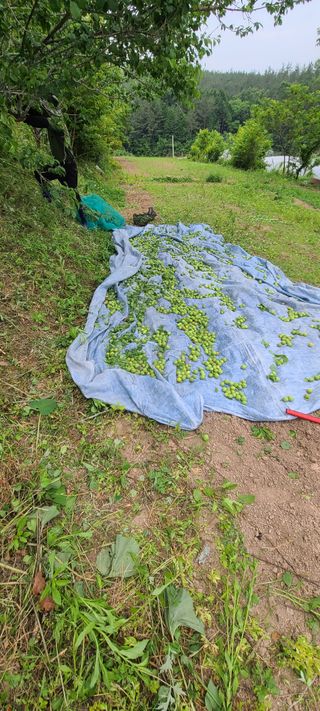 조희경님의 기타작물 · 영농일지 작성글 사진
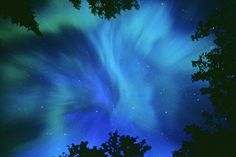 an aurora bore in the night sky with stars and clouds above it, as well as trees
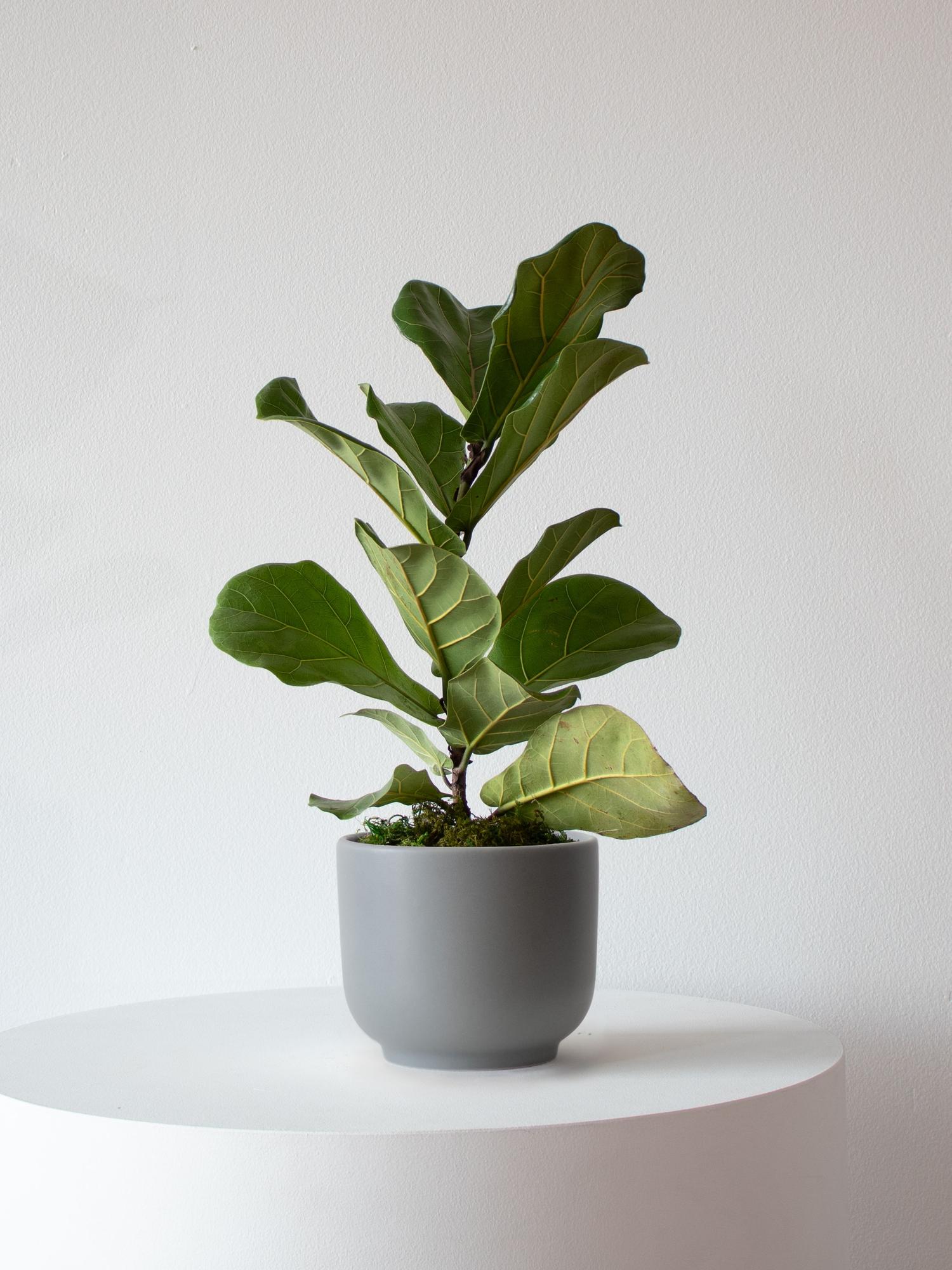 Fiddle Leaf Fig Plant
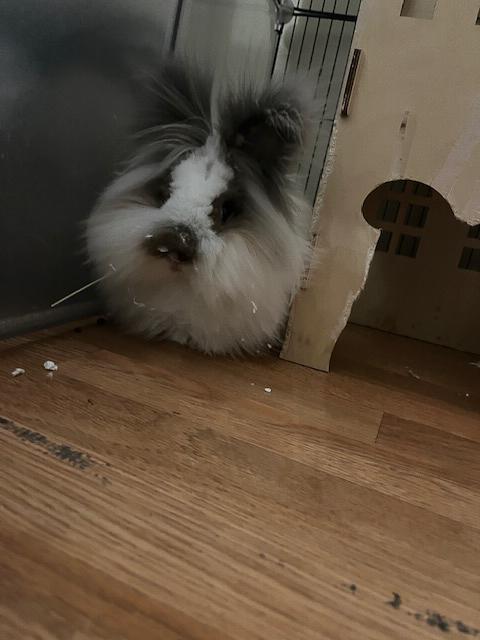 Enlarge Valentina, a Adopted Lionhead in Los Angeles, CA image 2/6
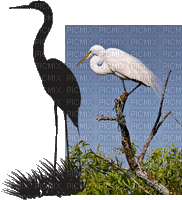 crane birds bp - Free animated GIF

EXERCISE: Print only the lines from the one with "Fiddle Leaf Fig Plant" through the last line of the data above, exactly and with both ends, and please omit any pictures.

TASK SOLUTION:
 Fiddle Leaf Fig Plant
 Enlarge Valentina, a Adopted Lionhead in Los Angeles, CA image 2/6
 crane birds bp - Free animated GIF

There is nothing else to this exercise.